Estimates of the Ministry of Communications suggest that Taiwan's passenger air traffic will soar seven times from 500,000 to 3.5 million annually within the next 15 years. An expansion program will prepare Sungshan Airport for the arrival of the jumbo jets about three years hence. No decision has yet been reached about how to handle the supersonic planes expected in the mid-1970s. A new airport probably will be built in the Taoyuan area about 15 miles west of Taipei. Overocean take-offs would then be possible. American airport construction experts will come to Taiwan this fall to help the government study the problem.

To accommodate the jumbo jets, Sungshan will get an enlarged terminal and the auxiliary runway will be lengthened.
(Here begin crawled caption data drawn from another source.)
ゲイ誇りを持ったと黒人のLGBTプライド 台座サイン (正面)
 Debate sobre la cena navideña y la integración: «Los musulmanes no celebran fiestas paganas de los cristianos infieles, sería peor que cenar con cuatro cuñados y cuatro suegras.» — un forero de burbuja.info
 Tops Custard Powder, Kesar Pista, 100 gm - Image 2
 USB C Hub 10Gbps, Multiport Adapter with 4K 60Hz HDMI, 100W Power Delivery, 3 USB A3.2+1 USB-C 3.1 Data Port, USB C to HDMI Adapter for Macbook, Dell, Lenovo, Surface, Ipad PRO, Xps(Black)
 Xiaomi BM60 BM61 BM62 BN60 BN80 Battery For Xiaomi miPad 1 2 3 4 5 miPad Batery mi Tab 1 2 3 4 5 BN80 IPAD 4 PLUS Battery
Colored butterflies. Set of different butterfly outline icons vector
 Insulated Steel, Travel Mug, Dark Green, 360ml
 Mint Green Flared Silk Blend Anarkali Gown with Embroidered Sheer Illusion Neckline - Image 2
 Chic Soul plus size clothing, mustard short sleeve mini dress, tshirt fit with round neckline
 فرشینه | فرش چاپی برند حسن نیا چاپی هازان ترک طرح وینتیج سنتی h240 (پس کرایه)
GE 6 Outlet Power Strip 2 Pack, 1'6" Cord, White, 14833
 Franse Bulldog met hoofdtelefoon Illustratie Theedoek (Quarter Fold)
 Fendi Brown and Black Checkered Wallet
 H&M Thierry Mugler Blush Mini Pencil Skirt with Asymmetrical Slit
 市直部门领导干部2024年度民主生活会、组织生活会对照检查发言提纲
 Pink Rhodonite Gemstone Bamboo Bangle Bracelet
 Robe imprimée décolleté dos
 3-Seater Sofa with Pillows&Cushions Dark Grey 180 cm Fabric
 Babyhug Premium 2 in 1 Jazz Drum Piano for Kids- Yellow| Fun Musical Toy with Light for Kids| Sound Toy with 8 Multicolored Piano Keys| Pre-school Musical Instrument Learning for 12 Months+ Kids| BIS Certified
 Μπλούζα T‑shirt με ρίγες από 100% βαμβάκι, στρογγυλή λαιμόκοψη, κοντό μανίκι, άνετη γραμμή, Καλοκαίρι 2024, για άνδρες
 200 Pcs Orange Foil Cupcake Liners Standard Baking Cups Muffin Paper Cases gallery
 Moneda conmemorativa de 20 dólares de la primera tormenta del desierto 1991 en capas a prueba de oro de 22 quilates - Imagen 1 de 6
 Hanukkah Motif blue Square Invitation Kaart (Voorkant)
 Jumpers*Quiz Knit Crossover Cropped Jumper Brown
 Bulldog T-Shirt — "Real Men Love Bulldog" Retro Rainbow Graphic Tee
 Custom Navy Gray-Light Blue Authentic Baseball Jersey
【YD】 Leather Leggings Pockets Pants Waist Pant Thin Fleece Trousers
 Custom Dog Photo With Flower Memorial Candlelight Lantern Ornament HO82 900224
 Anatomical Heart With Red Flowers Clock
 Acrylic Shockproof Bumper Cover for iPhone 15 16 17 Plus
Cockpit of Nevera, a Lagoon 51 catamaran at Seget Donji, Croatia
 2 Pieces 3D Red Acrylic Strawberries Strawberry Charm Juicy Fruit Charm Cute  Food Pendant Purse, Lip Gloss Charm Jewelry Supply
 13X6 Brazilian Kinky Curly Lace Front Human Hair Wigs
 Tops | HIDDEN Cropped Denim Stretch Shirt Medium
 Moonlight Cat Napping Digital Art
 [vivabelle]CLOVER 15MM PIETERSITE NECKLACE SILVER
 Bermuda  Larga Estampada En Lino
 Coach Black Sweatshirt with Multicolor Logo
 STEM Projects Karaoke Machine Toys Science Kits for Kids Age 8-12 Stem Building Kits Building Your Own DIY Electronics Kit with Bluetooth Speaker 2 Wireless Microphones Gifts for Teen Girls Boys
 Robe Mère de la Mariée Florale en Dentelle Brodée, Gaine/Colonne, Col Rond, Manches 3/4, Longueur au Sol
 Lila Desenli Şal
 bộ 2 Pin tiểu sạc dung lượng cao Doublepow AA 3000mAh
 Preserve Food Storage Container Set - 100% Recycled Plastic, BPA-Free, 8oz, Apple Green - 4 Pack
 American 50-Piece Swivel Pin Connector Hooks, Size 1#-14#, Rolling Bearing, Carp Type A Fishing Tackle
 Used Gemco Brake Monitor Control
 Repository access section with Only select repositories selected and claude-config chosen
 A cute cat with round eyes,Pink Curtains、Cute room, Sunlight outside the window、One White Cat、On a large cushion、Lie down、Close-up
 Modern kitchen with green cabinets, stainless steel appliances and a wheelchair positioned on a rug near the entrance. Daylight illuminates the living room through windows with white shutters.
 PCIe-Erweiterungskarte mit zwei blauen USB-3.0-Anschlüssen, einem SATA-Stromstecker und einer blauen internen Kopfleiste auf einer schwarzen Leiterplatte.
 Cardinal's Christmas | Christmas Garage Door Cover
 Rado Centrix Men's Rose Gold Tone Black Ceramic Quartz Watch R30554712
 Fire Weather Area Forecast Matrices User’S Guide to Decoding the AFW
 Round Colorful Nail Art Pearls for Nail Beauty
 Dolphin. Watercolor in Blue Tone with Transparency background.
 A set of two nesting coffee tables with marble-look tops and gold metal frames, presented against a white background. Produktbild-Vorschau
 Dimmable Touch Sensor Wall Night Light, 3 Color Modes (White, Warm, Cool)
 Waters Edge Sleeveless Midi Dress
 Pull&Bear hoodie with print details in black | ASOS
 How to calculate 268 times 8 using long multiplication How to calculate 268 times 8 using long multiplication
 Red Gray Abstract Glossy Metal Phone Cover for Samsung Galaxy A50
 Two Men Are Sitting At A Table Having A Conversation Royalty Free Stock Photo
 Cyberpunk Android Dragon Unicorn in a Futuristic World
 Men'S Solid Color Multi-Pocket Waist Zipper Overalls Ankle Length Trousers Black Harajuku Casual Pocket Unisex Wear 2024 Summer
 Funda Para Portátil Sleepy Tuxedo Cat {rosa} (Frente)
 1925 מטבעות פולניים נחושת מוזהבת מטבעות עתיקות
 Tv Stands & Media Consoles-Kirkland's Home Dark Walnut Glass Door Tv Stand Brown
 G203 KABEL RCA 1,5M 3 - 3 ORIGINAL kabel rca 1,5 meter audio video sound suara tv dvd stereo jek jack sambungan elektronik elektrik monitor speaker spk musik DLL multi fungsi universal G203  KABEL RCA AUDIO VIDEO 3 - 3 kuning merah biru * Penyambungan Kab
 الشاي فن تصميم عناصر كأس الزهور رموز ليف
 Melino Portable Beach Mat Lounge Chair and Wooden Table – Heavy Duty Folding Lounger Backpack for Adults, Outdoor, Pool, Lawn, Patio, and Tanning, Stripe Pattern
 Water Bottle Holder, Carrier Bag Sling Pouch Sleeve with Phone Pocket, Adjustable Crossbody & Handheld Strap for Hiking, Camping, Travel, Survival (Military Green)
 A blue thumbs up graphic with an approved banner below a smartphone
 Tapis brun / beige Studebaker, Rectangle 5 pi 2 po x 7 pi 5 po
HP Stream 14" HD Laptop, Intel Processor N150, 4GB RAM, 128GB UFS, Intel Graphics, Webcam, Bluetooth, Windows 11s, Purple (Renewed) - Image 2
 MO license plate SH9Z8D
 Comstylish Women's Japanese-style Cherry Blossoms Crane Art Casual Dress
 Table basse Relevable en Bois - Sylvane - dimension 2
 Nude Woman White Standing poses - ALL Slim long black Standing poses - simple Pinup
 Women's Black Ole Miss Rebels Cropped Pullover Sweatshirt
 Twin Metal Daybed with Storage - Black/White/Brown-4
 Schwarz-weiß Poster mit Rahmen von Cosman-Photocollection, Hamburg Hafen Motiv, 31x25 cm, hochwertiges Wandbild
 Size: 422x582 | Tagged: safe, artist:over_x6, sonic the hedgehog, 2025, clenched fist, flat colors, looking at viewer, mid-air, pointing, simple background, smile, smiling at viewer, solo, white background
Three new aprons will be added, raising the total to nine. Expansion already scheduled will cost US$2½ million. Between 40 and 50 international flights daily are now taking off and landing at Taipei. Expansion plans of CAL call for adding service to Guam and Indonesia.

East-West Cross-Island Highway cuts through the rugged Central Mountain range. It opens up country of great scenic attractiveness and is drawing sizable numbers of tourists. Forest and upland agricultural resources are brought within reach by the 192 kilometers of twisting, tunneling road (File photo)

More tourists are arriving by sea at Kaohsiung and Keelung, the port for Taipei. To serve those embarking and disembarking at Keelung, a five-story passenger terminal will be opened next year. It will have capacity of 1,500 passengers and facilities will include a hotel, restaurant, shops, waiting rooms and money exchange.

Rising tourist volume is redirecting interest to large hotel construction. Taipei has three hostelries of more than 300 rooms and scores of small ones. Many new hotels have been opened in the last two years but none in the 300-room and larger category. At least two hotels of 500 or more rooms are under consideration, one across from the railroad station in the downtown section and the other across the street from the Mandarin Hotel near the airport. Tourist consultants have pointed out that many travelers like big hotels where every facility is available and service is standardized at a high level. International hotel operators are showing interest in Taipei.

Many other contemplated projects are connected with tourism. One of these calls for the development of Hoping Island at Keelung into a recreation area including an aquatic center and resort hotel at a cost of nearly US$5 million. Tourism optimists say that within the next decade, the money spent by sightseers may become the island's biggest single source of foreign exchange, surpassing textiles.

Taiwan's tourist industry seeks a profit but also is trying to grow in keeping with Confucius' observation that greeting friends from afar is one of life's greatest pleasures. Chinese hospitality is the most frequent answer when departing visitors are asked what they liked best about Taiwan.